Ryder Cup player Paul McGinley is fighting hard for his US Open place and the Irishman is looking for a good Spanish Open this week to boost his cause.

McGinley, who sank the winning putt in the 2002 Ryder Cup and whose point helped Europe to a record score in 2004, needs to break into the top 50 in the world rankings by the end of next month.

He is currently 64th. The cut-off for the major at Pinehurst in June is May 30th, the final day of the BMW (European PGA) Championship at Wentworth

A 358,000-dollar first prize at San Roque this week would help McGinley on his way and, as the highest ranked player in the field, he knows he is expected to contend strongly.

"It hurts sitting at home when the (US) Masters is on, and the Accenture (WGC Matchplay) and the Players Championship," said McGinley on Wednesday.

"But the bottom line is, unless you are in the top 50 in the world, then you have to face the music and the music is: 'You are not in the tournament.'"

McGinley rued the sparse world ranking points available in Asian tournaments after he finished second in the TCL Classic in China and fourth in the Malaysian Open.

"I have had a good start to the season but like Monty (Colin Montgomerie) we are playing for so few points over in Asia, it is hard to make progress.

"I've been second and fourth and had two 11ths and yet I've gone backwards.
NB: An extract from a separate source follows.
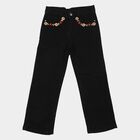 Girls Black Straight Fit Embroidered Jeans, काला, small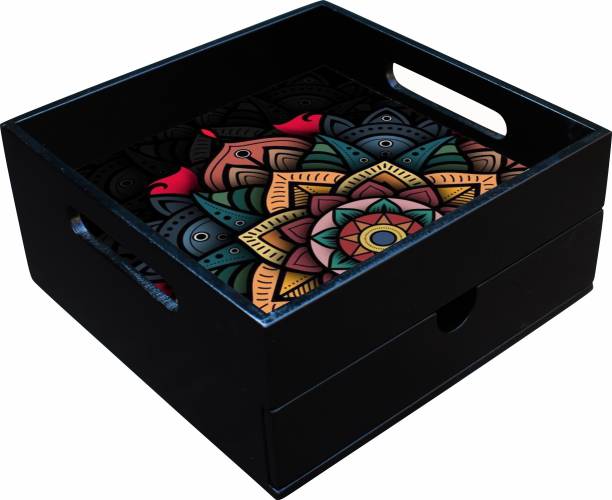 Enigmatic Woodworks Tray With Drawer| Storage Tray| Wooden Organizer| Black Color DB2 Theme Engineered Wood Box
I have to keep plugging away up to the BMW Championship."

McGinley has every chance of success at the tour school course in Andalucia, with Frenchman Raphael Jacquelin, in 89th spot, his nearest rival in the world rankings.

The two most recent European Tour winners, Englishman Paul Broadhurst who won the Portuguese Open and Dutchman Robert Jan Derksen who claimed the Maderia Island title, are in the field while two Scots, Paul Lawrie and Gary Orr, could be a danger.

Lawrie, the 1999 British Open champion, finished second in the Portuguese Open two weeks ago through triple-bogeying the 71st hole and Orr settled for second in Madeira last week.

Another Frenchman, Christian Cevaer, is the defending champion.

English veteran Roger Chapman reaches the milestone of 600 European Tour tournaments this week, only previously attained by Sam Torrance who was a late withdrawal from the San Roque field with a sore neck, and Eamonn Darcy.